- Nicolas Guillou a témoigné, vendredi, des difficultés auxquelles il est confronté dans sa vie quotidienne en raison de sanctions américaines.
- Le juge français est visé en raison de son implication dans le dossier du mandat d’arrêt contre le Premier ministre israélien Benyamin Netanyhou.
- Il a appelé les magistrats à « tenir » face aux atteintes que ces sanctions font peser sur l’État de droit.
Un quotidien bouleversé à cause de représailles de la première puissance mondiale. Le juge français de la Cour pénale internationale (CPI), Nicolas Guillou, est visé, depuis le 21 août, par des sanctions américaines. La raison ? Il est impliqué dans le dossier du mandat d’arrêt visant le Premier ministre israélien Benyamin Nétanyahou. Le Français n’est pas le seul à subir cette décision des États-Unis qui a également sanctionné le procureur de la CPI Karim Khan, quatre magistrates, une juge canadienne et deux procureurs adjoints.
Une situation qui rend le quotidien de Nicolas Guillou difficile. Alors, il a décidé de témoigner, vendredi 10 octobre, à l’occasion du congrès annuel de l’Union syndicale des magistrats (USM, majoritaire) qui se tenait à Paris, pour raconter les difficultés auxquelles il est confronté dans sa vie quotidienne et appeler les magistrats à « tenir »
face aux atteintes que ces sanctions font peser sur l’État de droit.
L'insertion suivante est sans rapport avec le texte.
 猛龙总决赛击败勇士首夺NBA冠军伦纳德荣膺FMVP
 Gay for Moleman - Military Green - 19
Neuf magistrats au milieu de dictateurs et de terroristes
« Il y a aujourd’hui à peu près 15.000 personnes physiques et morales qui sont sous sanctions aux États-Unis mais aussi en Europe. Et ce sont principalement des membres d’Al-Qaïda, de Daech, de groupes mafieux,
des dirigeants de régimes dictatoriaux
. Et désormais, avec eux, neuf magistrats de la CPI »,
a-t-il déclaré en introduction.
« Ces sanctions, et c’est le cœur de leur mécanisme, elles interdisent à toute personne physique ou morale américaine, y compris leurs filiales à l’étranger, de fournir des services à une personne sous sanctions, que ce soit à titre onéreux ou à titre gratuit »
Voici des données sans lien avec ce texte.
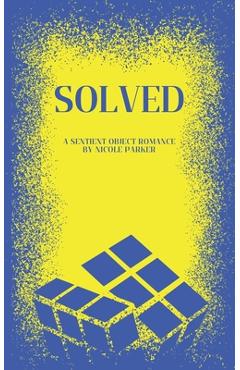 Coperta cărții 'Solved: A Sentient Object Romance - Nicole Parker'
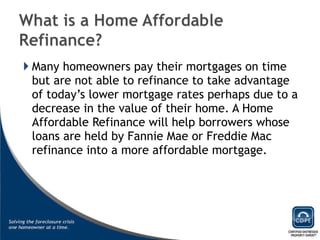 Many homeowners pay their mortgages on time but are not able to refinance to take advantage of today’s lower mortgage rates perhaps due to a decrease in the value of their home. A Home Affordable Refinance will help borrowers whose loans are held by Fannie Mae or Freddie Mac refinance into a more affordable mortgage. 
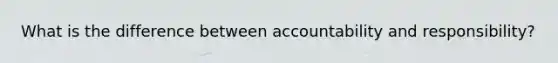 What is the difference between accountability and responsibility?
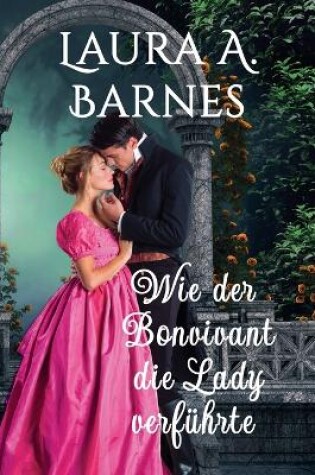 Cover of Wie der Bonvivant die Lady verführte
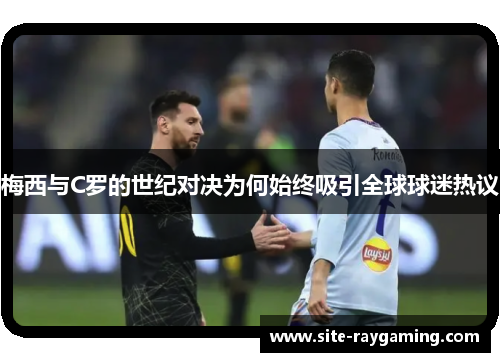 梅西与C罗的世纪对决为何始终吸引全球球迷热议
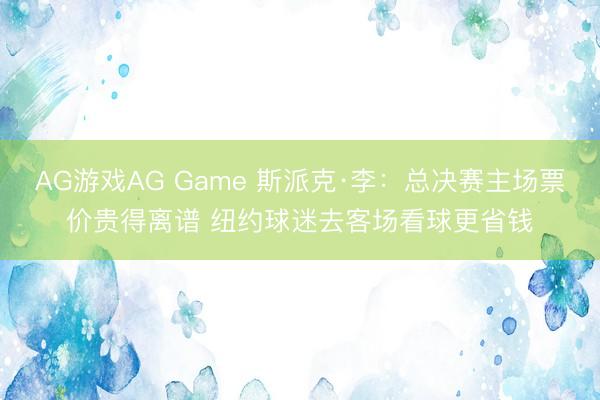 AG游戏AG Game 斯派克·李：总决赛主场票价贵得离谱 纽约球迷去客场看球更省钱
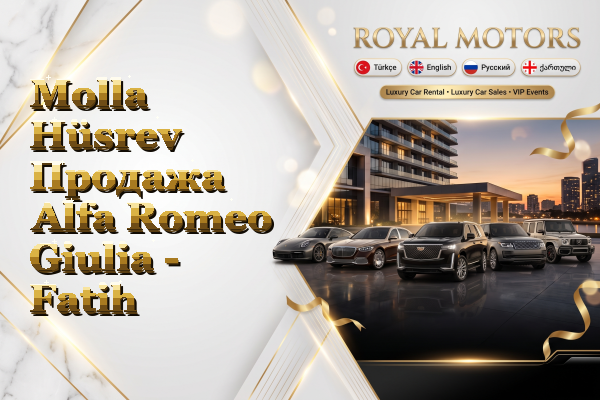 Molla Hüsrev Продажа Alfa Romeo Giulia - Fatih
, a-t-il expliqué, soulignant qu’en pratique, elles touchaient « l’ensemble de votre vie quotidienne ».
Ainsi, les comptes auprès d’« entreprises américaines sont fermés »,
comme « Airbnb, Amazon, Paypal »
notamment, et les colis distribués par une enseigne américaine bloqués. Mais des banques non américaines ferment aussi des comptes, « y compris dans la zone euro »
.
« Les paiements sont la plupart du temps supprimés »,
la quasi-totalité des cartes délivrées par les établissements bancaires en Europe étant « soit Visa, soit Mastercard, qui sont des entreprises américaines »
, a-t-il poursuivi. Ces sanctions peuvent par ailleurs s’appliquer aux proches des personnes visées. « Si vous avez une personne de votre famille, que ce soit conjoint ou enfant, qui a la nationalité américaine, ce qui est mon cas personnel »,
celles-ci « sont passibles de poursuites pénales et encourent 20 ans de prison aux États-Unis »
si elles « fournissent un service à une personne sous sanction »,
a indiqué Nicolas Guillou.
Un « déficit de souveraineté de l’Europe »
« En pratique, le pouvoir exécutif américain peut exclure n’importe quel citoyen européen du système bancaire et de l’espace numérique de son propre pays »,
a-t-il dit, estimant que cela était « révélateur du déficit de souveraineté de l’Europe »
. Or, selon le juge français, « les juges de la CPI ne seront probablement pas les seuls magistrats à être sanctionnés »
. Il a rappelé que le juge brésilien Alexandre de Moraes, chargé du procès de l’ancien président brésilien Jair Bolsonaro, était lui aussi ciblé par des sanctions américaines.
« Il y a une infinité de contentieux pour lesquels des décisions que nous serions amenés à prendre seraient susceptibles de déplaire à un pouvoir en place »,
a-t-il observé avant d’appeler les magistrats, qu’il qualifie de « dernier rempart de l’État de droit », « tenir »
en « s’appuyant »
sur leurs « principes » : « indépendance », « impartialité », « collégialité », « rigueur juridique ».
« Dans un monde régi par la force, ce sont aux militaires de résister. Dans un monde régi par le droit, ce sont les magistrats qui sont en première ligne et c’est bien pour cela que nous sommes attaqués »,
a-t-il estimé, appelant à se « rapprocher »
des magistrats et des avocats « en Europe et dans le monde, car ils sont confrontés ou ils seront confrontés aux mêmes défis ».